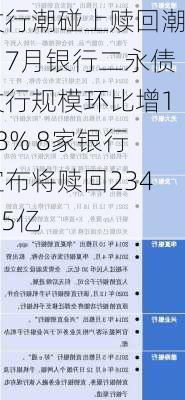 发行潮碰上赎回潮？7月银行二永债发行规模环比增168% 8家银行宣布将赎回2344.5亿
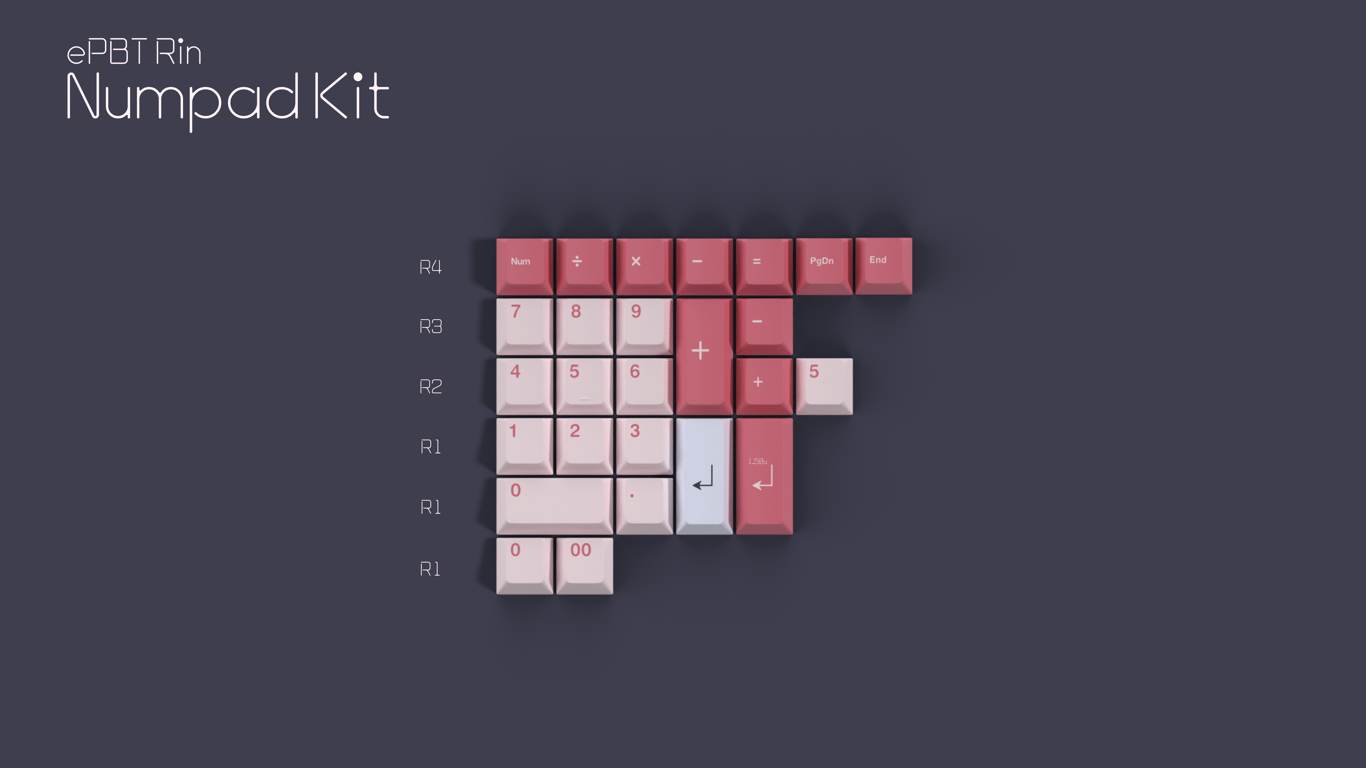 Numpad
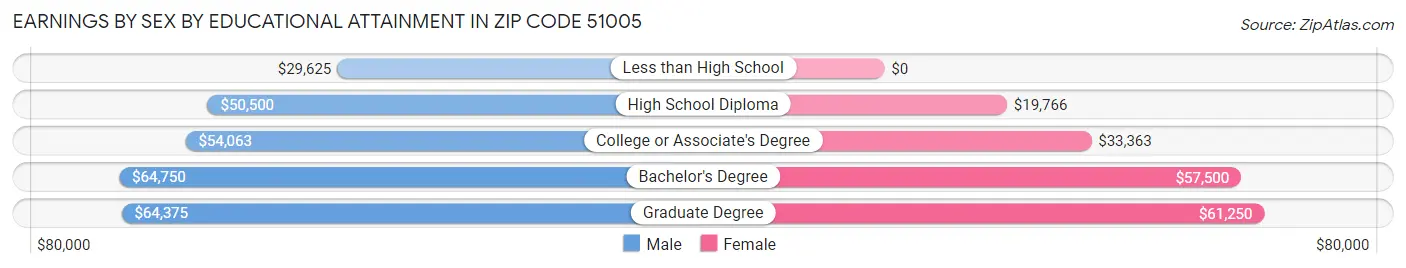 Earnings by Sex by Educational Attainment in Zip Code 51005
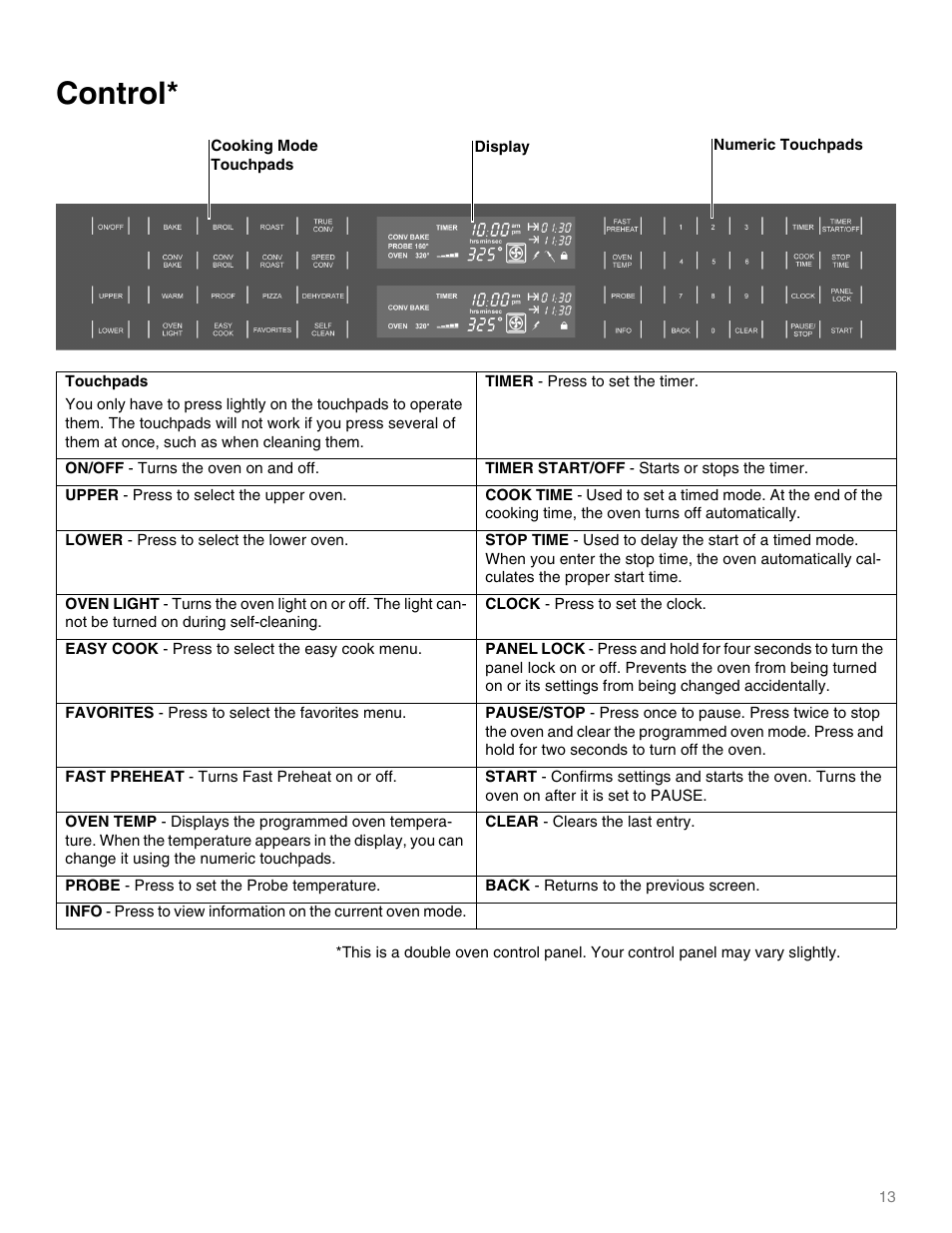 Control, Timer - press to set the timer, On/off - turns the oven on and off | Timer start/off - starts or stops the timer, Upper - press to select the upper oven, Lower - press to select the lower oven, Clock - press to set the clock, Easy cook - press to select the easy cook menu, Favorites - press to select the favorites menu, Fast preheat - turns fast preheat on or off | Thermador MEMW271 User Manual | Page 13 / 52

■ **Directions**:
The answer should contain every line of the material exactly as written and no pictures.

■ **Answer space**:
 发行潮碰上赎回潮？7月银行二永债发行规模环比增168% 8家银行宣布将赎回2344.5亿
 Numpad
 Earnings by Sex by Educational Attainment in Zip Code 51005
 Control, Timer - press to set the timer, On/off - turns the oven on and off | Timer start/off - starts or stops the timer, Upper - press to select the upper oven, Lower - press to select the lower oven, Clock - press to set the clock, Easy cook - press to select the easy cook menu, Favorites - press to select the favorites menu, Fast preheat - turns fast preheat on or off | Thermador MEMW271 User Manual | Page 13 / 52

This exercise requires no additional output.